### Input records
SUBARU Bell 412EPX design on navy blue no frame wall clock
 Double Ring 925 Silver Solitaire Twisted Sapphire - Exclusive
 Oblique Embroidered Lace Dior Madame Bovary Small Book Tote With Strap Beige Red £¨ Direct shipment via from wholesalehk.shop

==

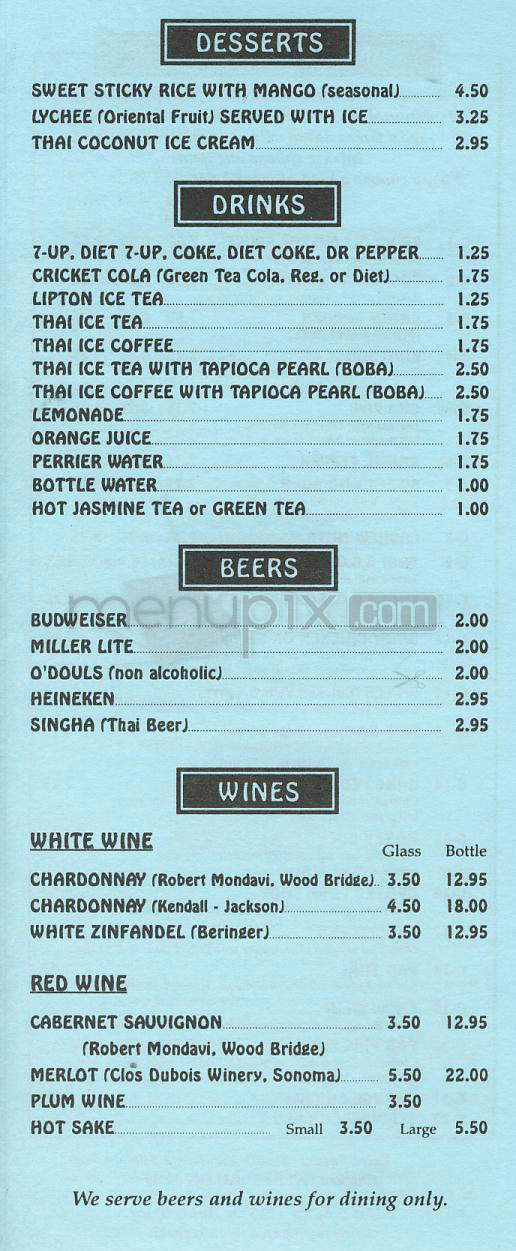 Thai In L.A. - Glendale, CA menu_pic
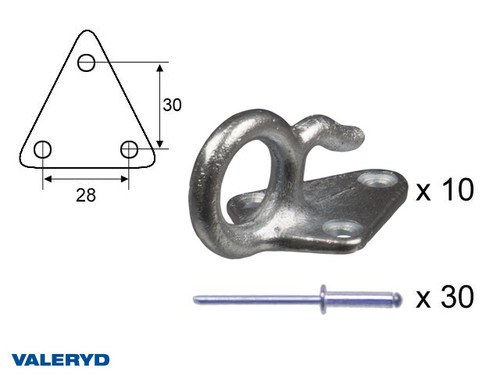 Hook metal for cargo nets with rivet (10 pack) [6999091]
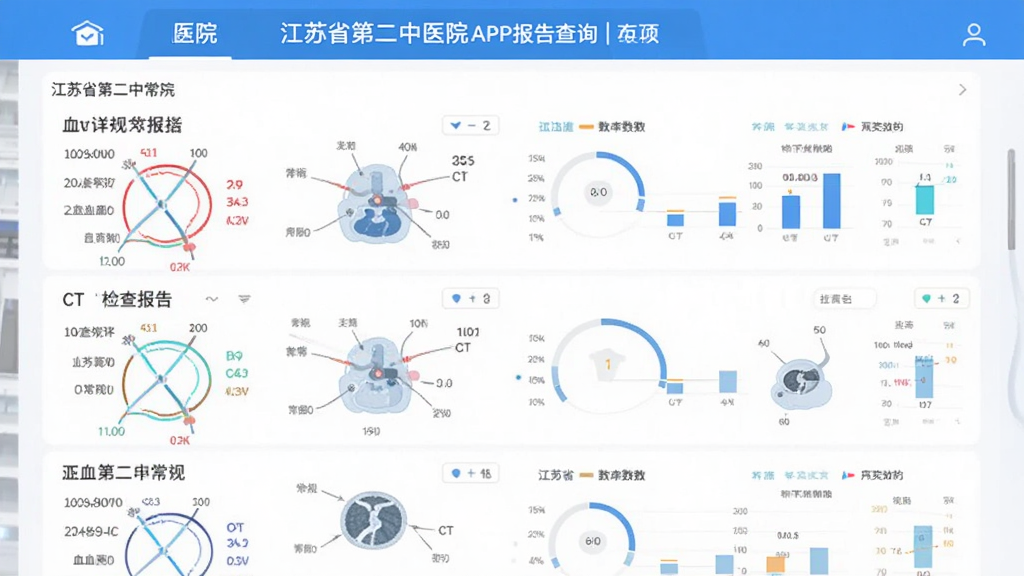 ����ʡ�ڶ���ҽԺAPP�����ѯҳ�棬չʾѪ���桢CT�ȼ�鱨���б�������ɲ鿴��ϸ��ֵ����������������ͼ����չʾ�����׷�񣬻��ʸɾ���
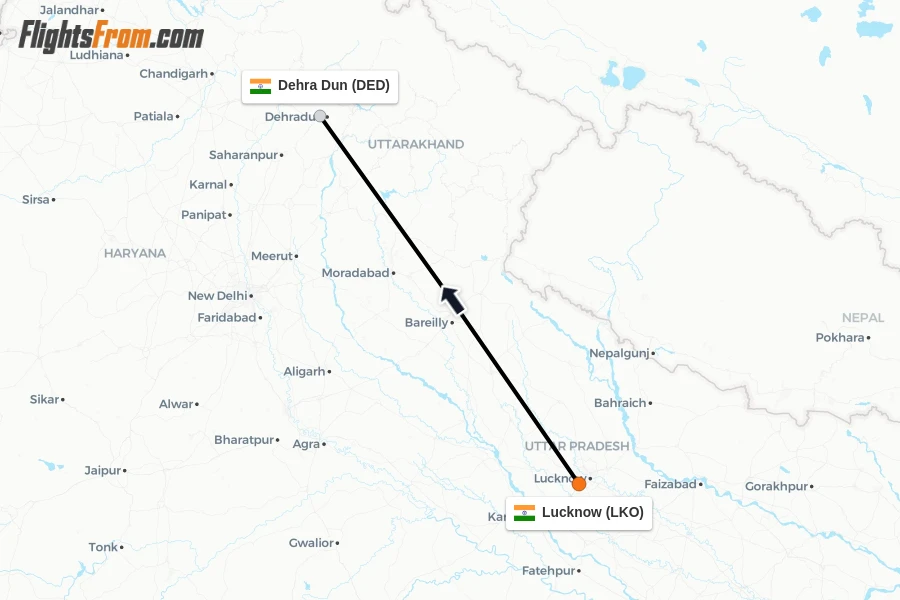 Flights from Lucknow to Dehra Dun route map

### Problem details
Write down exactly the span of lines above from the one containing "SUBARU Bell 412EPX" to the one containing "Oblique Embroidered Lace", both ends included.

### Your solution
SUBARU Bell 412EPX design on navy blue no frame wall clock
 Double Ring 925 Silver Solitaire Twisted Sapphire - Exclusive
 Oblique Embroidered Lace Dior Madame Bovary Small Book Tote With Strap Beige Red £¨ Direct shipment via from wholesalehk.shop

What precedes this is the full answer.